The baptismal fires are waiting. Steam Deck, like countless initiate PCs before it, must be christened: as with every new piece of hardware, one question must be answered. Can it run Crysis? The answer is no, it cannot. The original 2007 release locks up with a black screen. Crysis Remastered though? It boots, it runs, it plays – and with handheld-optimised settings you can get a great experience that almost sustains 60 frames per second. Looking for fidelity over outright performance? It’ll do a great job of running at medium settings too at native resolution, effectively putting this portable rendition of the game up there with the original release running at its very high preset – and running at native 720p too.

But this is Crysis and as such, the options are there to bring Steam Deck to its knees, with the ‘Can It Run Crysis’ mode flipping the measurement of performance from frames per second to seconds per frame – akin to running the original Quake on an ancient 386 processor. Of course, the Deck is a resource-constrained device – and we have to be mindful of that. Ray tracing support in the game has a software fallback, meaning it does run on SteamOS, but it’s really not a good idea. Getting decent performance and/or extending battery life is all about a new form of optimised settings – not just the best ‘bang for the buck’ but also not being afraid to compromise still further. Similar to Nintendo Switch, the smaller screen makes significant cutbacks to fidelity less noticeable during the run of play.

It turns out that there is a good degree of headroom here to the point where I had to wonder – could we actually get Crysis Remastered running at 60 frames per second, or at least close to it? To put this to the test, I used the second level that culminates in a base attack that concludes with dozens of AI and a couple of tanks descending on your position. It’s a great place to stress CPU limitations earlier in the game, and we also used it as the crucible for testing performance when we overclocked Nintendo Switch in an attempt to boost frame-rates on the other handheld rendition of the game. Even with low graphics settings – giving more power and performance to the CPU – the big battle sees Steam Deck drop into the 40s.

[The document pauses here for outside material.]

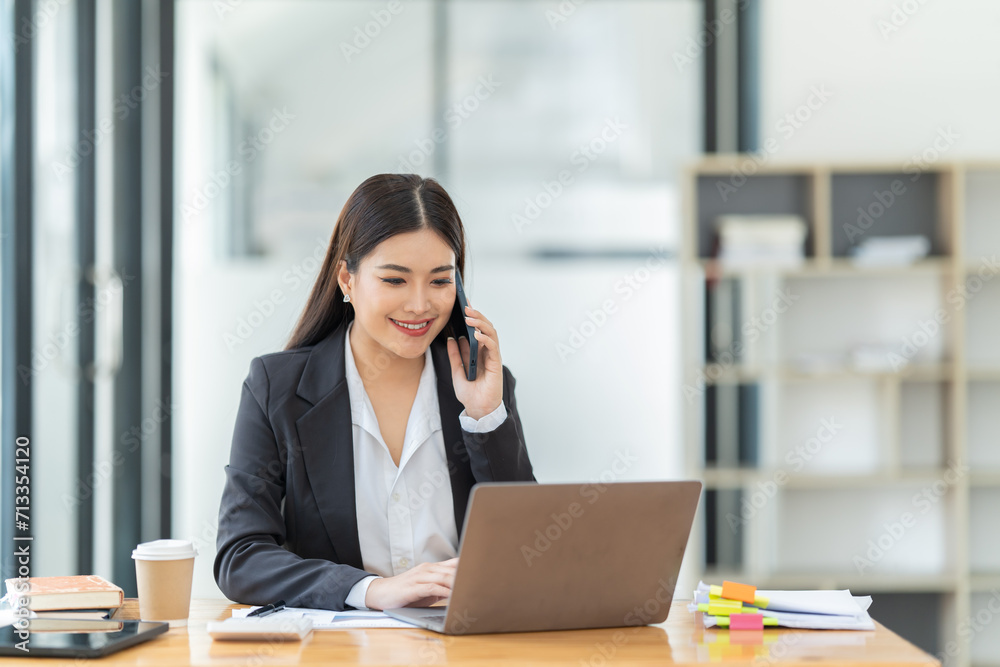 Shot of a young professional woman sitting at desk in front of laptop and using mobile phone working on business contract. Shot of a young professional woman sitting at desk in front of laptop and using mobile phone working on business contract.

Using custom variables to move down to lower-than-low settings could see us move back closer to 60fps, but at this point, the visual compromises become unacceptable: shadow quality and pop-in look pretty poor and the transition of objects from 2D sprites to 3D objects becomes hilariously obvious. Another way to increase CPU performance is – bizarrely enough – to reduce resolution. Crysis Remastered’s CPU burden increases with resolution, presumably with pixel count scaling with level of detail. So, dropping from 800p or 720p down to 540p helps both CPU and GPU – but it also impacts readability during the game. Short and medium range encounters are fine, but long range visibility is impacted, even on the handheld screen, and there’s nothing that Steam Deck’s system-level FSR support can do to help with that.